Flávio Meireles

Personal information
- Full name: Flávio Miguel Magalhães Sousa Meireles
- Date of birth: 3 October 1976 (age 49)
- Place of birth: Ribeira de Pena, Portugal
- Height: 1.85 m (6 ft 1 in)
- Position: Defensive midfielder

Youth career
- 1989–1992: Ribeira de Pena
- 1992–1995: Vitória Guimarães

Senior career*
- Years: Team / Apps / (Gls)
- 1995–1996: Vitória Guimarães / 0 / (0)
- 1996–1997: Moreirense / 4 / (0)
- 1997–1999: Fafe / 22 / (0)
- 1999–2000: Vitória Guimarães / 2 / (0)
- 2000: → Fafe (loan) / 27 / (2)
- 2000–2003: Moreirense / 90 / (7)
- 2003–2011: Vitória Guimarães / 182 / (7)
- Total:  / 327 / (16)

= Flávio Meireles =

Portuguese footballer and football director (born 1976)

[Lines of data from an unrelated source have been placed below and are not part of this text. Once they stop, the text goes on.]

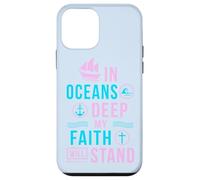 Cadeau chrétien avec verset biblique In oceans deep my soul will stand Coque pour iPhone 12 mini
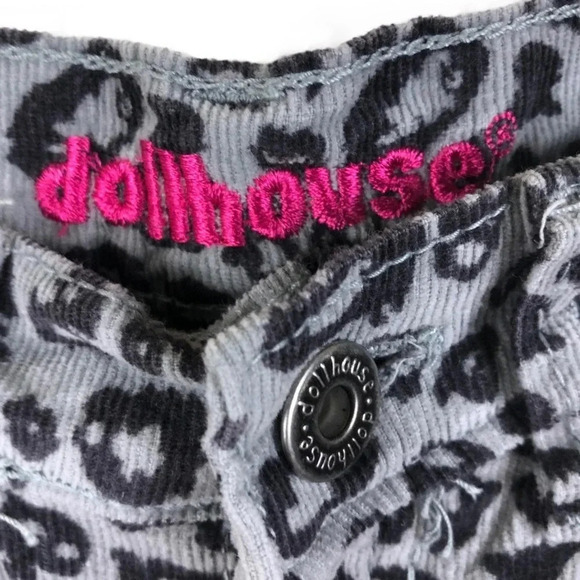 DOLLHOUSE EUC GIRLS GRAY BLACK WINTER FALL CASUAL CORDUROY LEOPARD PANTS 6X - Picture 2 of 6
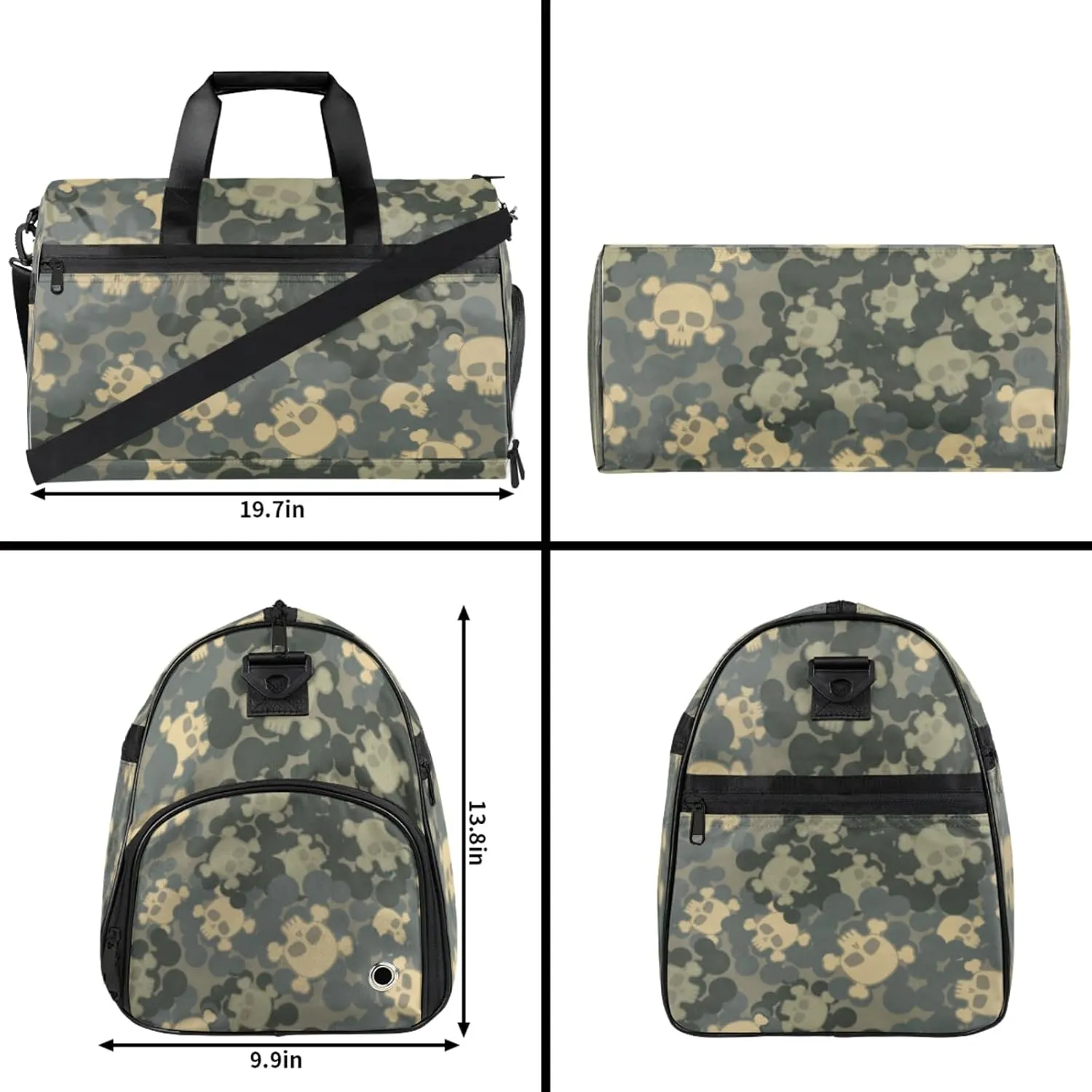 Grey Gym Bag for Men- 43L large Duffle Bag for Travel, Skull Motif Travel Bag with Shoe Compartment-Personal Item Travel Bag Weekender Bags for Women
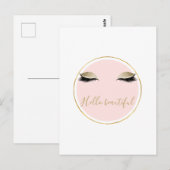 Roze Gold Glitzy Black Eyelashes Briefkaart (Voorkant / Achterkant)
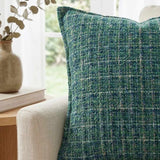 Dark Green Tweed Grid Throw Pillow Cover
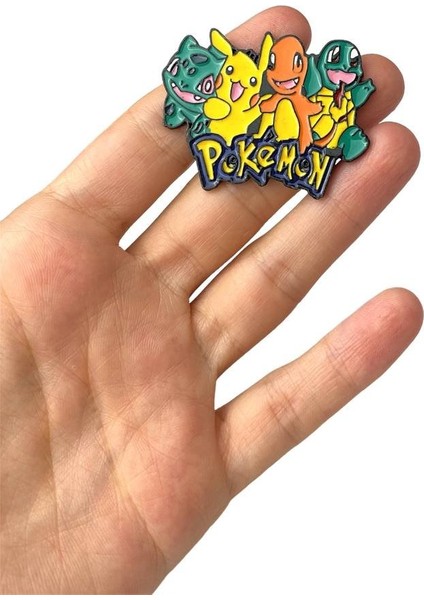 Pokemon Pikaçu Çizgi Film Figürlü Hediyelik Rozet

Flávio Miguel Magalhães Sousa Meireles (born 3 October 1976) is a Portuguese former professional footballer who played as a defensive midfielder.

Most of his 16-year career was associated with Vitória de Guimarães, which he represented in three different spells, appearing in nearly 250 official games. He later worked as the club's sporting director.

==Club career==
Born in Ribeira de Pena, Vila Real District, Meireles began his professional career with Vitória de Guimarães, having no impact whatsoever at the club in his first spell and moving to the lower leagues in 1996, first with Moreirense FC (where he was also featured rarely, in the Segunda Liga) then AD Fafe.

Meireles returned to Vitória in summer 1999, being quickly loaned to Fafe. In the 2000–01 campaign he switched to another former side, Moreirense, being instrumental as they – also based in Guimarães – promoted from the third division to the Primeira Liga in only two years, under manager Manuel Machado.

For 2003–04, Meireles re-joined Vitória de Guimarães for a third spell. His first appearance was on 18 August 2003, when he played the entire 1–0 home win over U.D. Leiria. At the Minho team, he was now first-choice and captain from the start, helping them achieve promotion in 2007 and qualifying for the UEFA Champions League in the following season, with the player appearing in all games but one and scoring three goals; in two different stints at the Estádio D. Afonso Henriques, he was again coached by Machado.

On 22 May 2011, after appearing in the final of the Taça de Portugal against FC Porto, the 34-year-old Meireles announced his retirement. He later became a coach at the club.

In May 2012, still with Vitória, Meireles was appointed new director of football. In remained in the position for one decade.